[Biopython-dev] questions for next release

Mon Dec 18 14:51:10 EST 2000

On Sat, 16 Dec 2000, Andrew Dalke wrote:

> Jeff:
> > Do you want to develop it as part of the biopython CVS (and
> > release), or do you want it to be a dependency that's bundled
> > and installed together?
> 
> I would rather it be the latter.  I expect people will want
> to use Martel independent of the other biopython code.

Sounds reasonable.  One thing, though: Martel currently ships with a few
formats for databases.  I do want the ones used for biopython to be CVS'd
in the biopython repository, so that developers with read/write access to
biopython can work on the formats.  I don't think biopython should depend
on format definitions in Martel.

> I can move the development repository to biopython.org.  My concerns
> with that are two-fold.  First, I haven't figured out how to connect
> to my ISP from under Linux, so I don't have a direct connection to the
> rest of the world.  That makes it hard to talk to CVS.

Either way doesn't make a difference to me.
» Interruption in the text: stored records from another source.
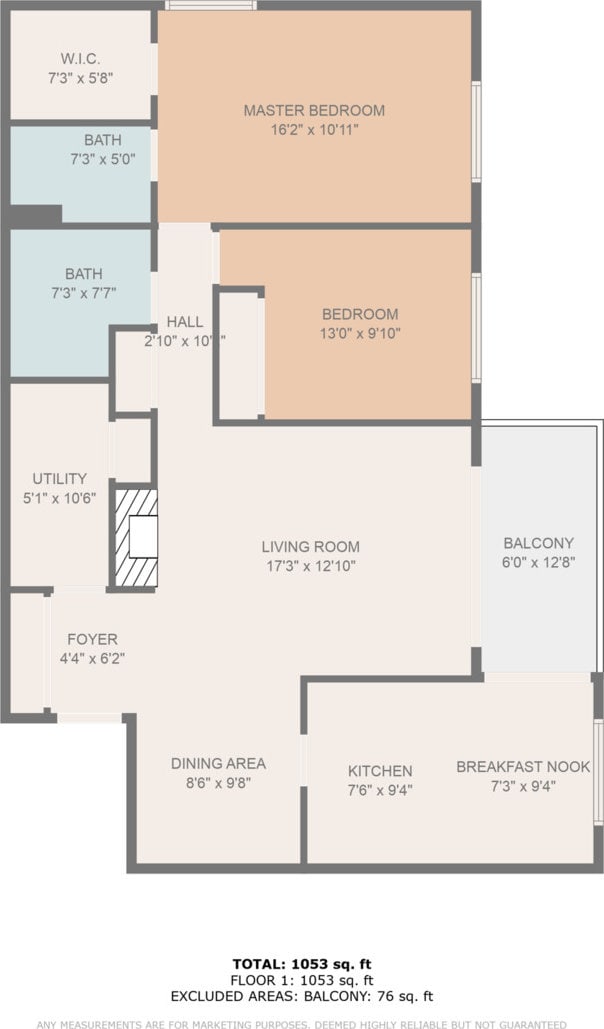 5177 Coventry Ln Unit D, Gurnee, IL 60031 - plan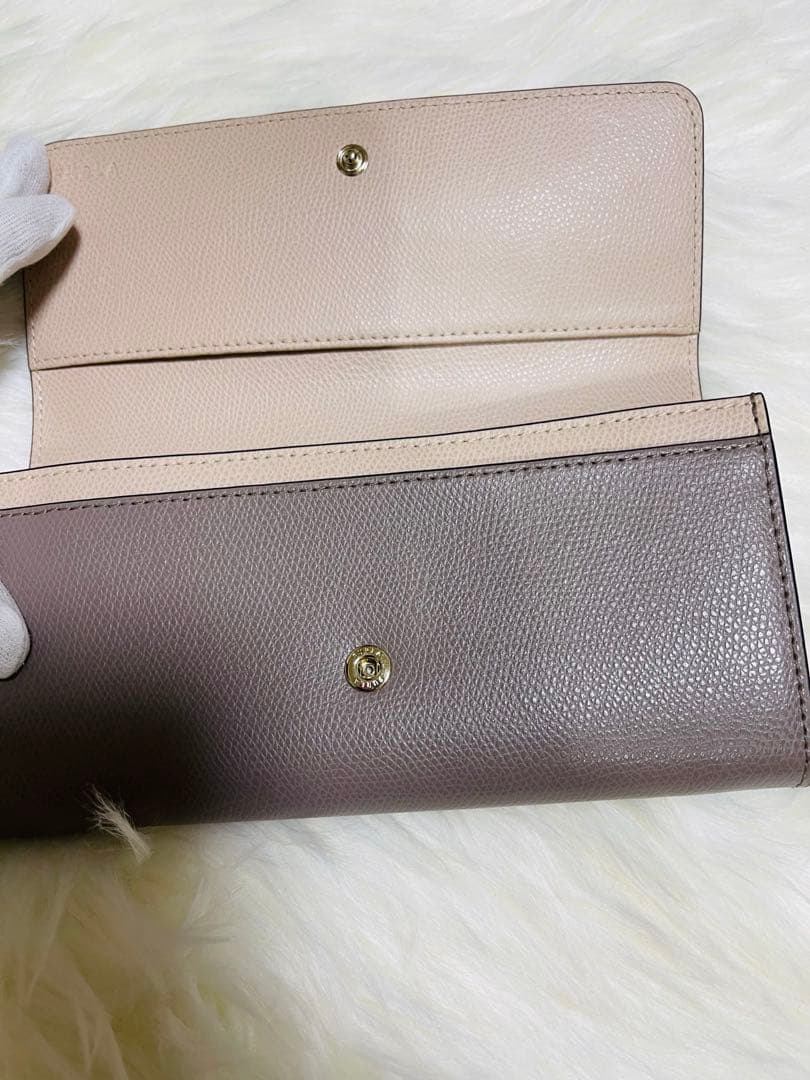 ベビードナさん専用 FURLA 長財布 カメリア コンチネンタルウオレット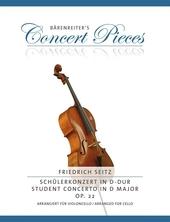 Concerto D major op. 22 violoncello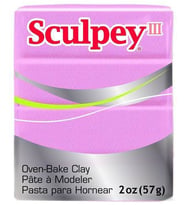 Sculpey III Polimer Kil 57 gr 530 Princess Pearl 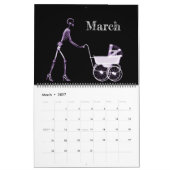 X-Ray Art Calendar 4 - Paars Kalender (Mar 2027)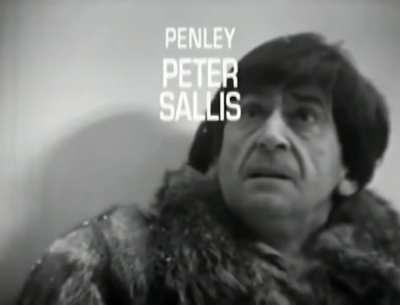 In Doctor Who: The Ice Warriors (1967), Patrick Troughton was taken by surprise when the credits began flying away.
> >- Are we going to use/bundle mxTextTools 1.2?
> 
> Martel should work fine with 1.1.1 or 1.2, so the first is
> not a concern.  I'll ask Marc-Andre about his release plans.

Thanks!

> >- setup.py now accepts earlier versions (<0.8?) of distutils.
> > Should we require the version that comes with Python 2.0?
> 
> Yes.  We have other dependencies now on 2.0 than just setup.py

OK.

> >- Any objections to moving more code into __init__.py?  For
> > example, the code in Prosite/Prosite.py would be moved to
> > Prosite/__init__.py.  This would definitely BREAK CODE, but
> > the fix would be trivial.
> 
> I have no problems, but I think I'm the one who introduced
> using __init__.py to biopython so I'm not the best of sources.
> 
> Brad correctly pointed out that some people don't know about
> that use so may get somewhat confused about it.  As I recall,
> others here and elsewhere have had that problem so it shouldn't
> be ignored.

Yeah, definitely.  I still overlook __init__.py when looking for code.  
What can be done about this?  Documentation?
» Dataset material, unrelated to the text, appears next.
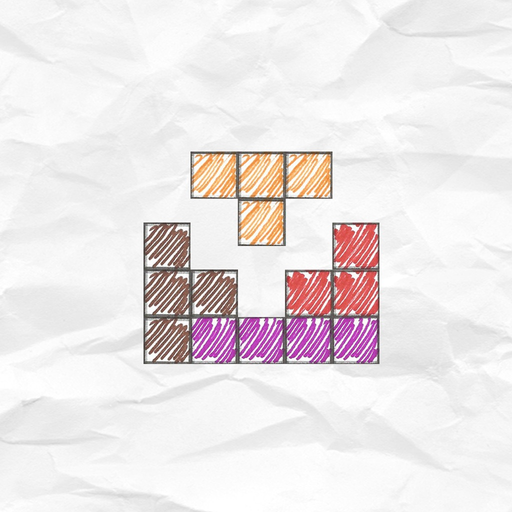 Paper Blocks Puzzle app icon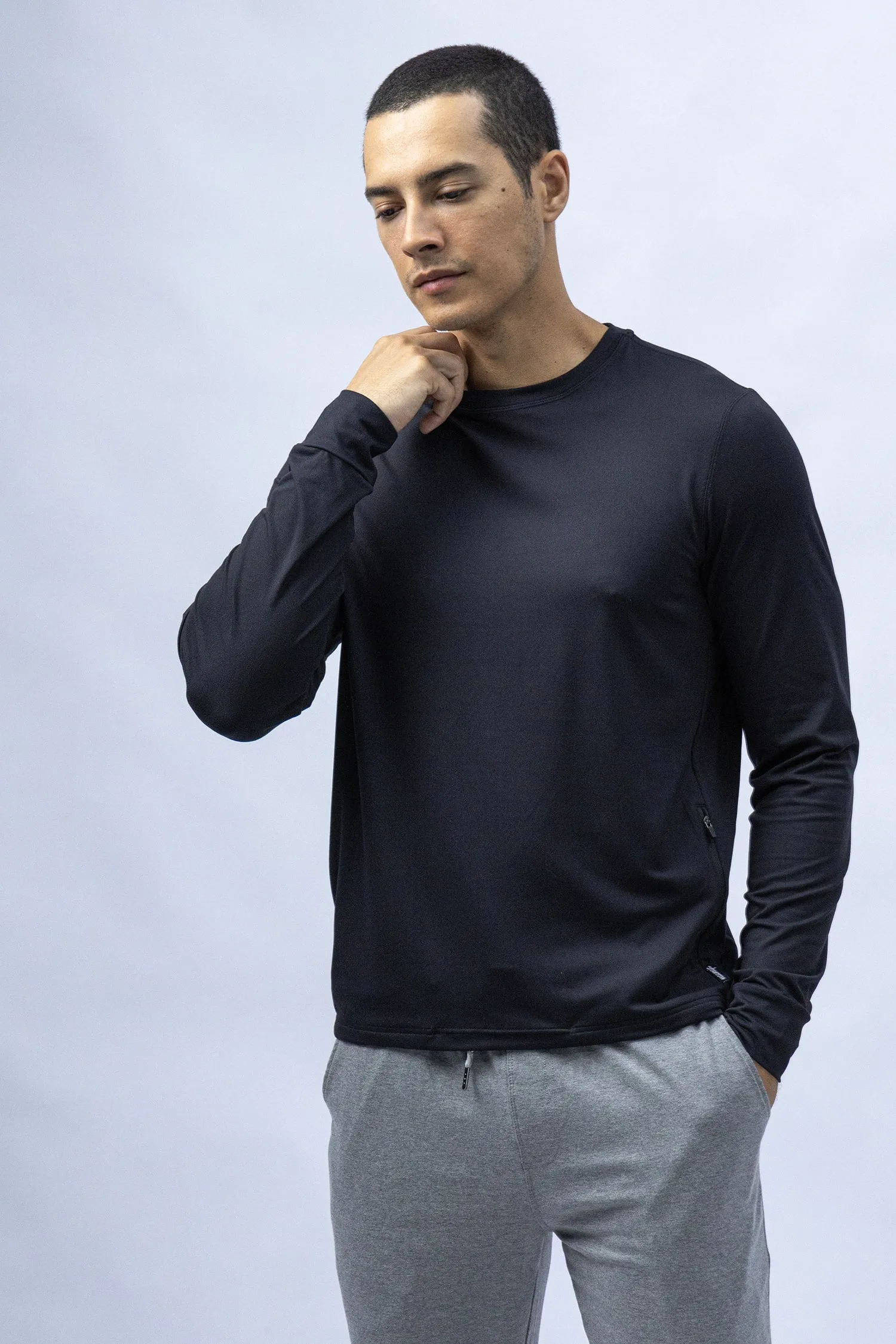 Men's Long Sleeve Tops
> On the other hand, I have had problems with another library
> which had a module of the form "X.X" (like Prosite.Prosite).

Oh, I see what you're getting at.  That's definitely bad.

> What this means is if you have Prosite/Prosite.py then do not
> put anything into Prosite/__init__.py and vice versa.

Yep.  I'll interpret that as evidence to move stuff into __init__.py.  :)

> >  If this does happen, does anyone know how to move code
> > between files without losing the CVS logs of the changes?
> 
> I don't know.  Also, is there any way to import the CVS logs
> of Martel?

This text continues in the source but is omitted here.